++++ Input data

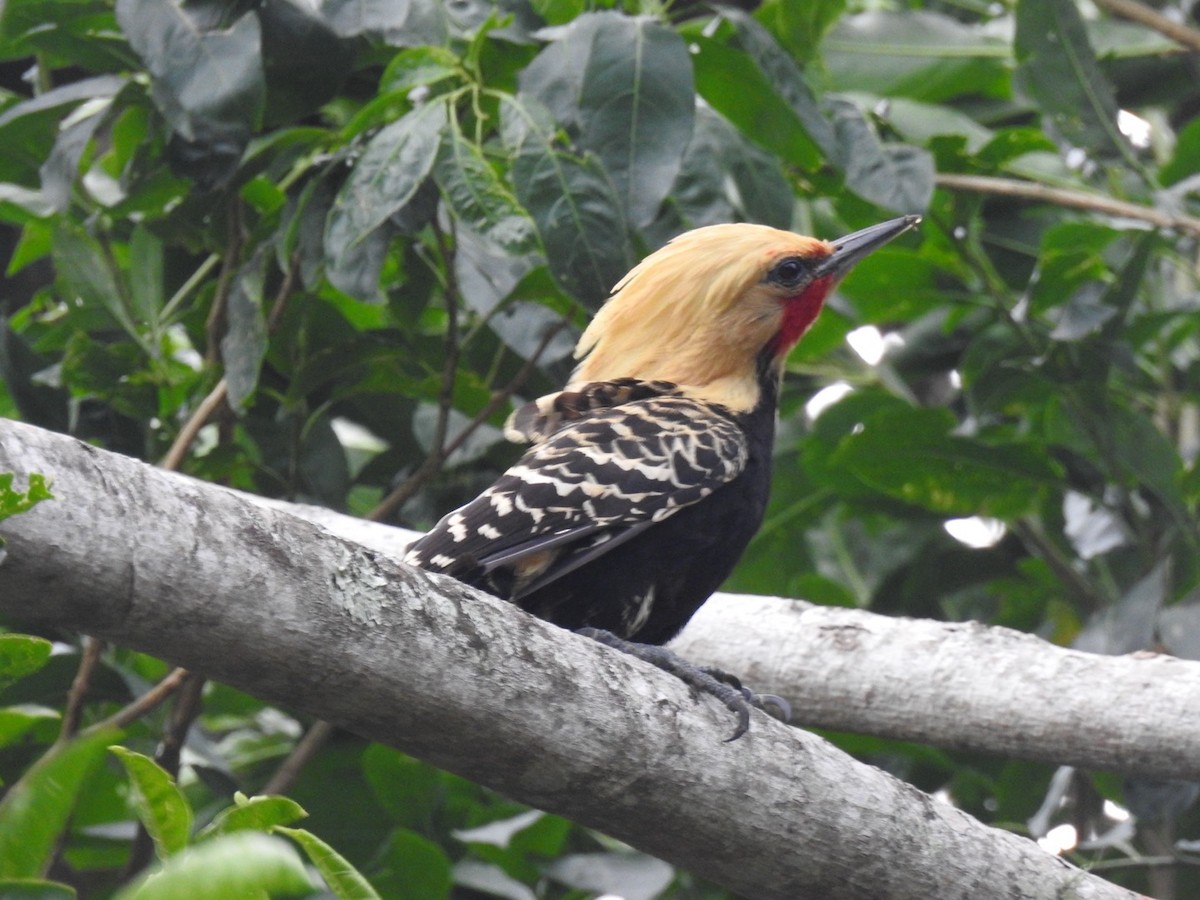 Blond-crested Woodpecker - ML647511150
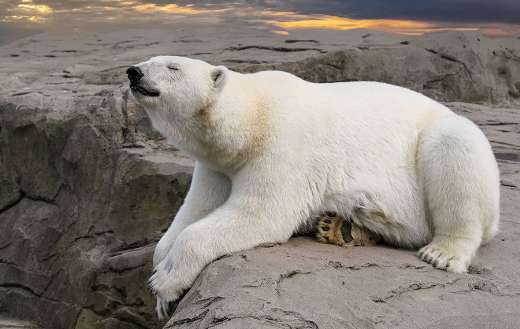 Polar bear waiting online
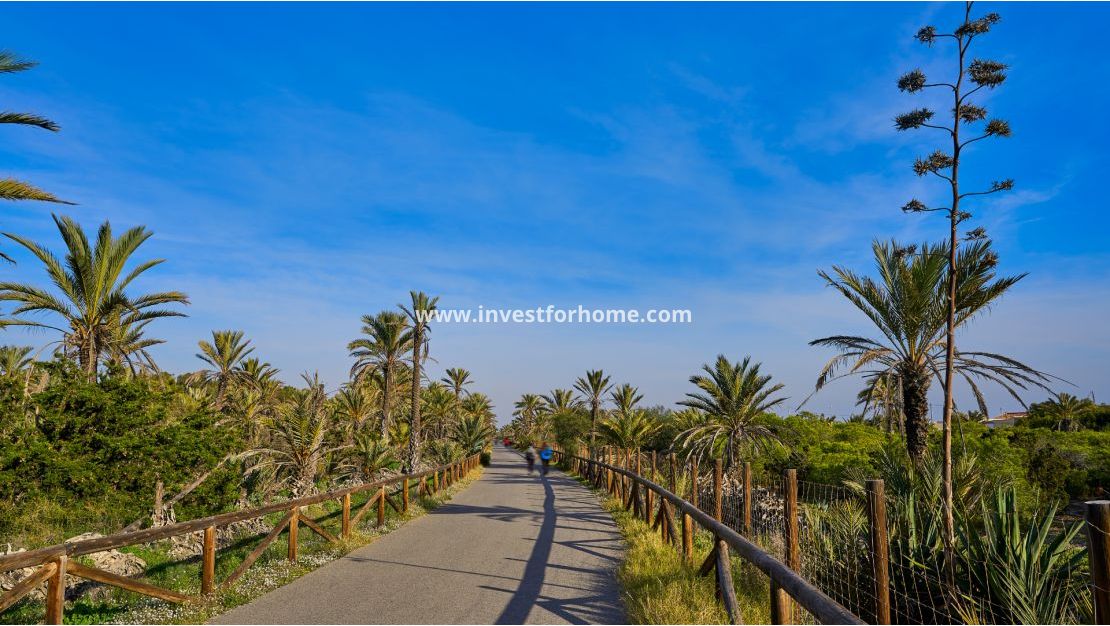 Reventa - Chalet - Guardamar del Segura - El Moncayo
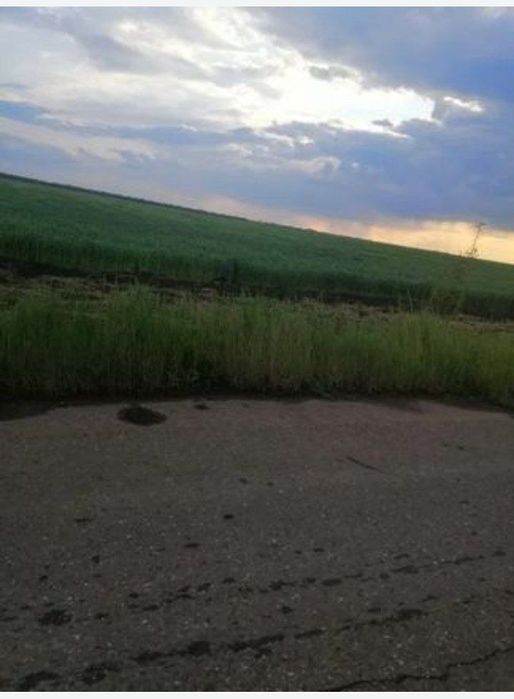 продам 100га земли в овидеопольском раене  от хозяина Большая Долина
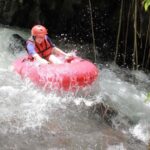 Ubud: Pakerisan Jungle River Tubing Adventure with Lunch - What You Can Expect from the Tour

++++++++

— What to do —
Make an exact copy of the lines above, starting at the line that contains "Reventa - Chalet" and running through the final line of the entries. Omit the pictures.

— Solution to this exercise —
 Reventa - Chalet - Guardamar del Segura - El Moncayo
 продам 100га земли в овидеопольском раене  от хозяина Большая Долина
 Ubud: Pakerisan Jungle River Tubing Adventure with Lunch - What You Can Expect from the Tour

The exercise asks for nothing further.